Escolhi como tema desse post falar de um jogador que vira e mexe é assunto nas principais rodas de conversa de jornalistas, torcedores e canalhas do Esquema de Jogo: Paulo Henrique Ganso, meia do São Paulo Futebol Clube.
Para começo de conversa, vamos tentar esquecer por um momento o Ganso que explodiu para o futebol lá no começo de 2010, onde o Santos encantou a todos com uma nova versão dos Meninos da Vila. Naquele ano, Ganso não tinha passado por duas cirurgias e passava a bola para Neymar e Robinho. No São Paulo, por muitas e muitas vezes seus companheiros na frente foram Ademilson, Osvaldo, Aloísio Boi Bandido, entre outras feras.

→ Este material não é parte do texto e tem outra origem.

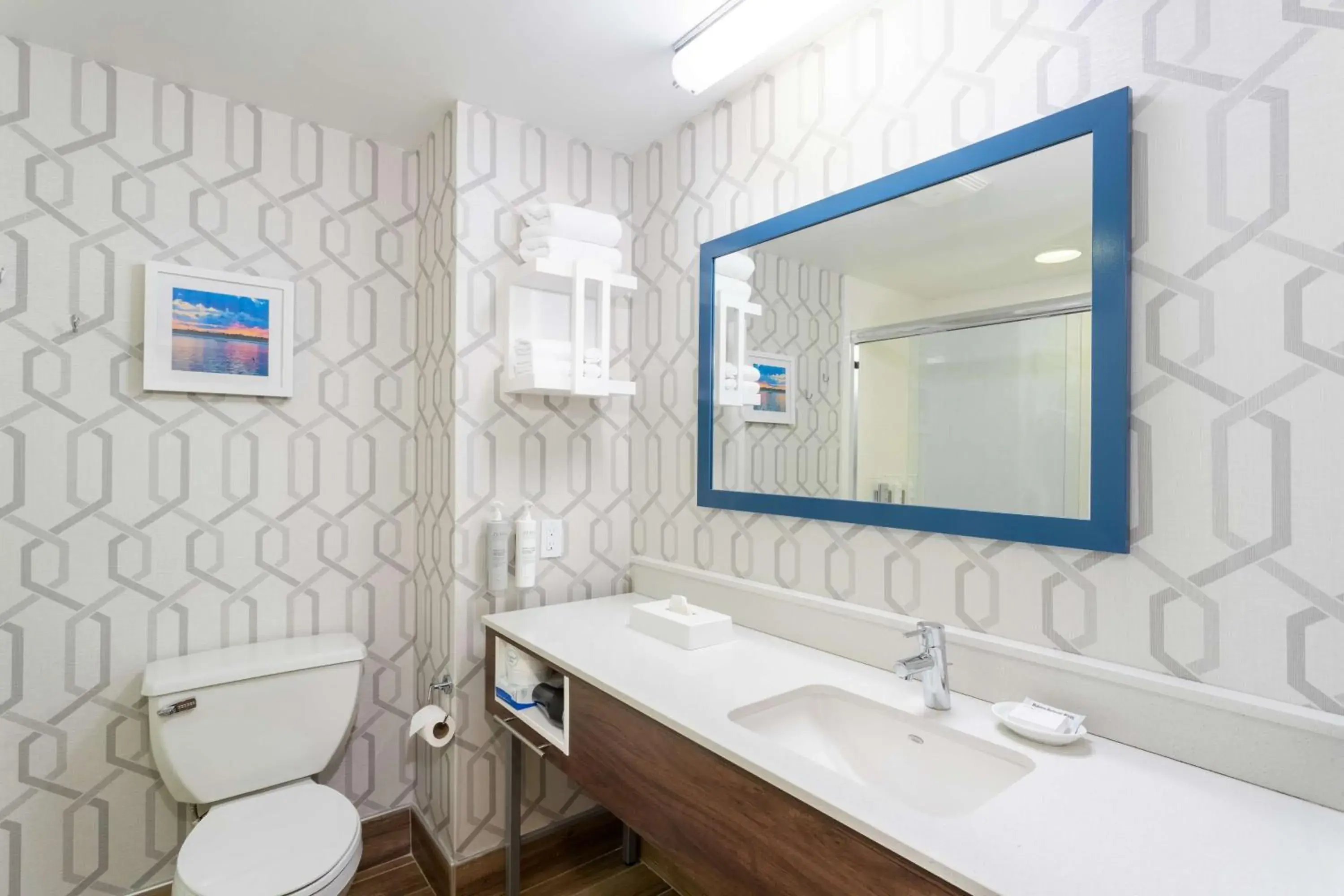 Bathroom in Hampton Inn Buffalo-South/I-90 Bathroom in Hampton Inn Buffalo-South/I-90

Essas comparações e pressões para que ele seja o mesmo de 2010 só o prejudicam. Temos que analisar o hoje, ou melhor, analisar a evolução de Ganso desde o ano passado. ele fez um bom segundo semestre, ajudando o São Paulo a escapar do que seria a maior vergonha de sua história, o rebaixamento. Neste Brasileirão, ele já soma 11 assistências e 5 gols.

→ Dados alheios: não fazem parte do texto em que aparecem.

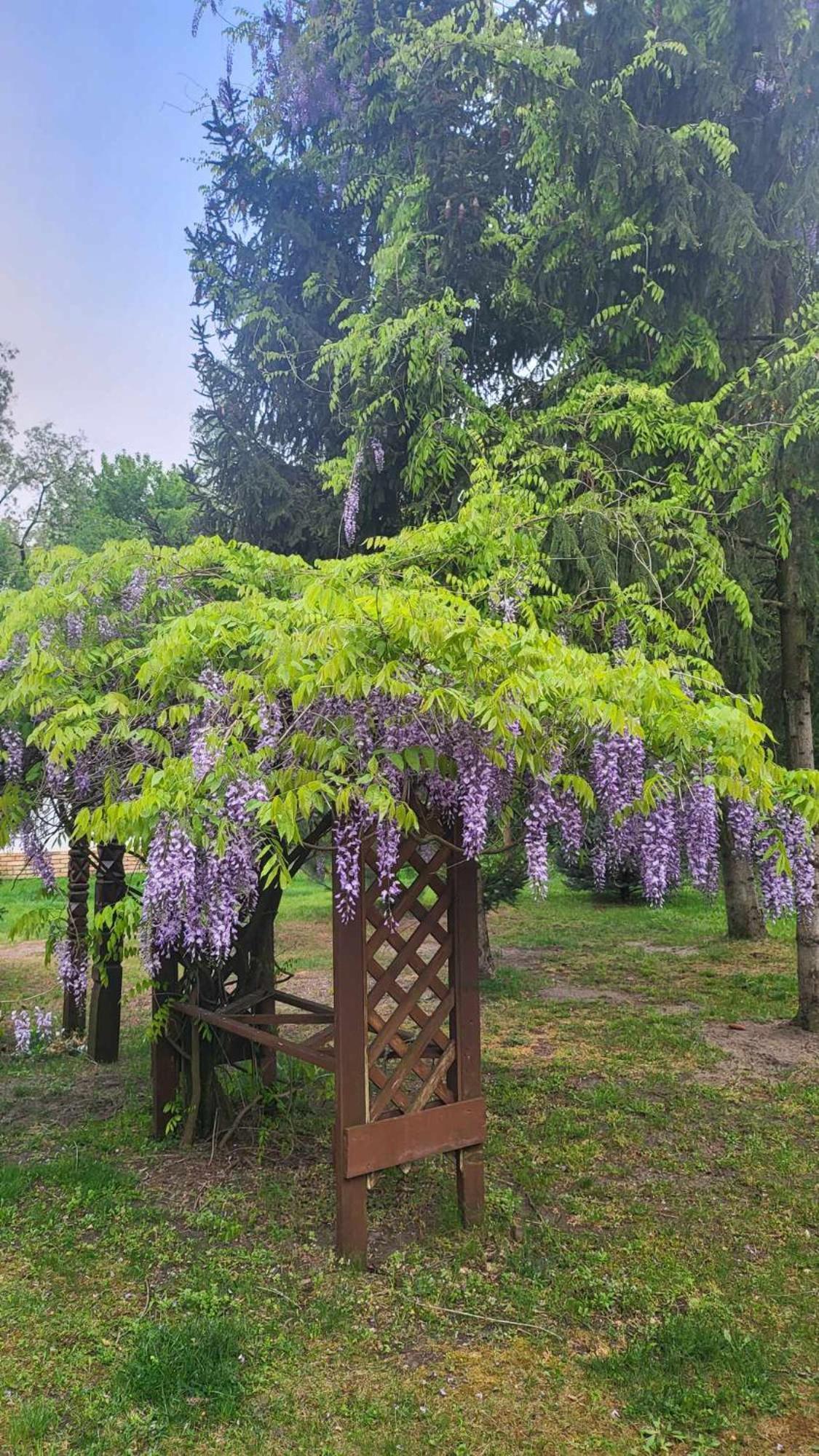 Gyoember Tanya Villa Ásotthalom Exteriör bild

Muitos reclamam que ele é supervalorizado quando acerta um passe, mas é aí que está o ponto. Ganso não é aquele jogador que vai pegar a bola no meio e driblar todo mundo e fazer o gol de joelhos. Ele é aquele jogador que com um simples passe resolve toda a jogada. Plasticamente não chama a atenção, mas é aquele tipo de jogada que só jogadores diferenciados conseguem fazer, mesmo que o lance possa parecer simples aos nossos olhos.

Pode parecer saudosismo, mas eu sou daqueles que sente falta dos camisas 10 clássicos, que são taxados de lentos e tal, mas que dão gosto de ver jogar. Coloco nessa lista jogadores como Zidane, Riquelme, Alex, Giovanni (estou citando apenas os que tive o prazer de acompanhar). Jogadores como Ganso estão cada vez mais raros no futebol. Hoje só se valoriza jogadores brucutus, que só sabem marcar, dar chutão, destruir jogadas. Jogadores como Ganso tem a obrigação de jogar bem todo jogo, senão já não servem mais, são sonolentos, enganadores, etc.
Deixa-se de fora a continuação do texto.